When should you wear a weightlifting belt?
Generally speaking, most lifters who wear weightlifting belts do so when loads get above 80% of their one-rep max. Depending on the skill level of the lifter and loads being lifted, this may vary. It is important to note that lifting with a belt does require some awareness and skill, so it is important to train in a belt from time to time if you are planning on competing in a lifting sport.
That said, most lifters who train and compete in weightlifting belts will also go through training blocks where they will not use a belt, which can be helpful to develop better foundational core strength and address weaknesses that may be masked when using a belt.
What exercises should you wear a weightlifting belt for?
Nearly any exercise can be done with a weightlifting belt. However, it is reserved for compound lifts like squats, presses (bench and overhead), deadlifts, and accessory movements.
If you find yourself using a weighting belt for things like walking lunges, calf raises, and biceps curls, for example, there is a strong chance you are not even using a weighting belt properly, should learn how to brace without a weightlifting belt, and might be recovering from lower back issues.
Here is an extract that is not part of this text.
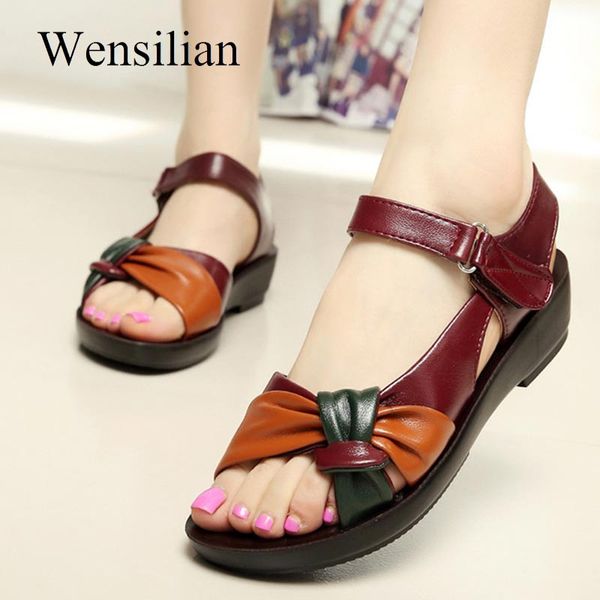 summer flat sandals genuine leather shoes women hook loop mother butterfly knot soft ladies slides beach shoes zapatos de mujer, Black
summer flat sandals genuine leather shoes women hook loop mother butterfly knot soft ladies slides beach shoes zapatos de mujer, Black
In that case, you should ask yourself if you should be training the way you are training right now.
How can I break my belt in?
If you just bought a heavy-duty power belt, then you’ll notice it’s really stiff. Here’ a simple trick: Turn on your favorite show, sit down with your belt in front of you on the floor, and roll it tightly up and then unroll it for the duration of the show. Eventually, it’ll get warm and begin to loosen. This will ensure it’s comfortable to wear, and then over time, it’ll soften up a bit more.
- Zink, A. J., Whiting, W. C., Vincent, W. J., & McLaine, A. J. (2001). The effects of a weight belt on trunk and leg muscle activity and joint kinematics during the squat exercise. Journal of strength and conditioning research, 15(2), 235–240.
- Finnie, S. B., Wheeldon, T. J., Hensrud, D. D., Dahm, D. L., & Smith, J. (2003). Weight lifting belt use patterns among a population of health club members. Journal of strength and conditioning research, 17(3), 498–502.
- McGill, Stuart M. “On the Use Weight Belts”. 2005. National Strength and Conditioning Association.
- Kei Miyamoto, Nobuki Iinuma, Masato Maeda, Eiji Wada, Katsuji Shimizu. Effects of abdominal belts on intra-abdominal pressure, intramuscular pressure in the erector spinae muscles and myoelectrical activities of trunk muscles. Clinical Biomechanics, Volume 14, Issue 2. 1999. 79-87.